Valentin Loellmann and Tobias Schäfer, for their part, dont work for manufacturers, the produce each of their unique pieces in their ateliers in an handcrafted way. If they share similar researchs about material with Le Moigne and Dedelley, functionality is sometimes absent of their reflexion.

Valentin Loellmann is a good example of what the galleries design market can offer. His work, exhibited in international galleries (Gabrielle Ammann, Cologne, Galerie Gosserez, Paris, etc.), is manufactured in his studio with a straightforward creative approach. He treats material like living organisms, for they represent the opportunity to merge with other elements in various ways and in their fusion stamp the final piece with its unique character.

Valentin Loellmann is quite far from the questions related to industrial product design, of course his objects, tables, cabinets, stools, can be used but often the artistic world developed by the designer is stronger than the function. Thus he builds up his cabinets m. & mme. around the idea of the family. Ten new pieces are added each year, giving expression to the family narrative that runs as a red thread through this collection. Since the pieces do not only get their meaning from their individual characteristics but also from their relation to one another, to the story that connects them and to the man that made them, it becomes unclear whether you experience one object or many, whether their aim is functional or relational, whether you produce or create or whether you obtain or adopt.
The time context is also visible in the serie Kruk, where he puzzles together aged and weathered ship planks before to enclose them in a polyester skin.

Tobias Schäfer is the only of the 4 designers that has a fine art education without any relation to product design. He came to design through sculpture, installation and scenography and his relationship to contemporary art is omnipresent in his work.

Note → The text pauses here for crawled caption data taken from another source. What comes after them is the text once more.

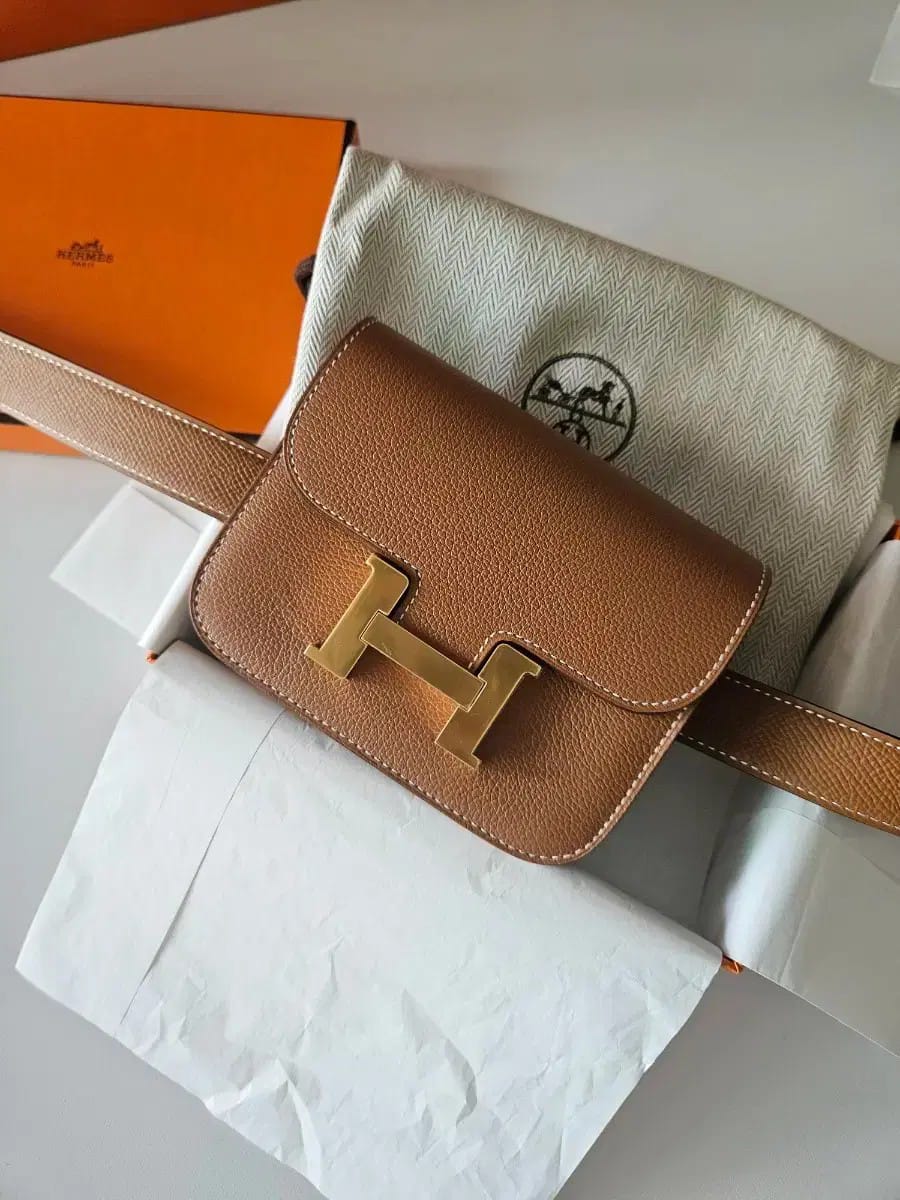 Hermes Constance Slim Wallet with Waist Belt and Crossbody Strap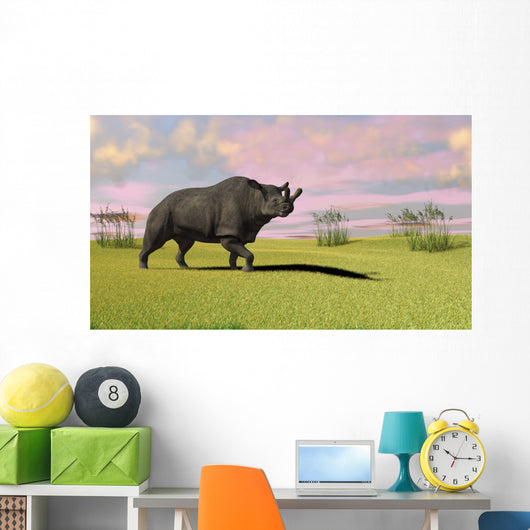 Brontotherium Grazing Prehistoric Grasslands Wall Decal Design 2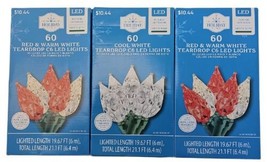 Lot of 3 60 Count Holiday Time Warm White &amp; Red LED Teardrop Lights Gree... - £39.46 GBP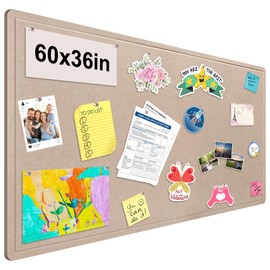 Large Bulletin Board, 60x36 Inches Cork Board Alternative, Large Felt Board Decorative Pin Board for Wall, Foldable Photo Board Self-Adhesive Vision Board with 36 Pushpins Khaki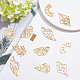 SUNNYCLUE 1 Box 12Pcs 6 Style Tarot Style Real Stainless Steel Charms Moon Phase Charm Mushroom Charms for Jewelry Making Moth Snake Butterfly Wing Charm Earrings Necklace Supplies Adult Craft Golden STAS-SC0003-88-4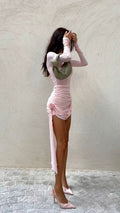Sexy Pink Long Sleeve Waist Pleated Mini Prom Gown Party Dress TP2287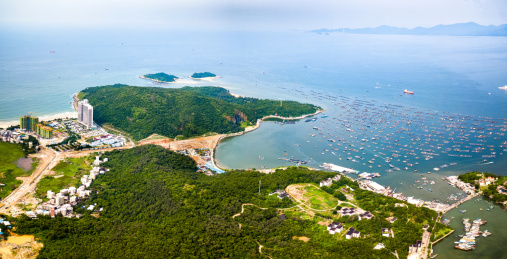 航拍广东阳江海陵岛海岸风光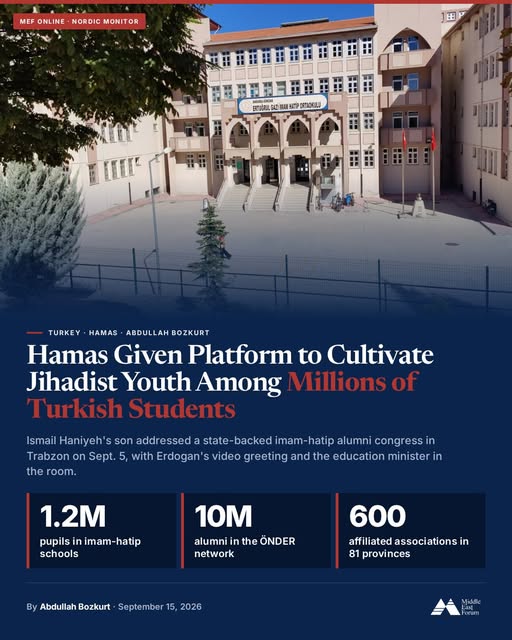 "Greetings to Hamas, the resistance continues." That chant was led from the stage at a state-backed religious-school alumni congress in T…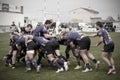 French rugby team of Soyaux Angouleme plays invited team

Tobias Schäfer uses a catalogue of recurrent forms, colourful geometric polygonal forms, that he spreads in series, where every unique piece can complement or comment another one of the same family. Like a kind of pastiche of serial production. Tobias Schäfer is not interessted in producing identical pieces but to connect them in a narrative and conceptual coherent context.
The Sticks serie shows very well Tobias Schäfer’s current reflexion : they are multifunctional objects, seat-tables or sculptures with repetitive forms that he extends with the artistic process of chance. The base is made of several wooden bars that he puts in movement before the glue freezes them in their final position.
Close to Ready-made, Tobias Schäfer recycles everything, his own forms as well as parts of vintage or antique pieces of furniture. Old pieces of furniture represent for Tobias schäfer an amazing experimentation space, where he can finally release the item of its serie as well as of its function.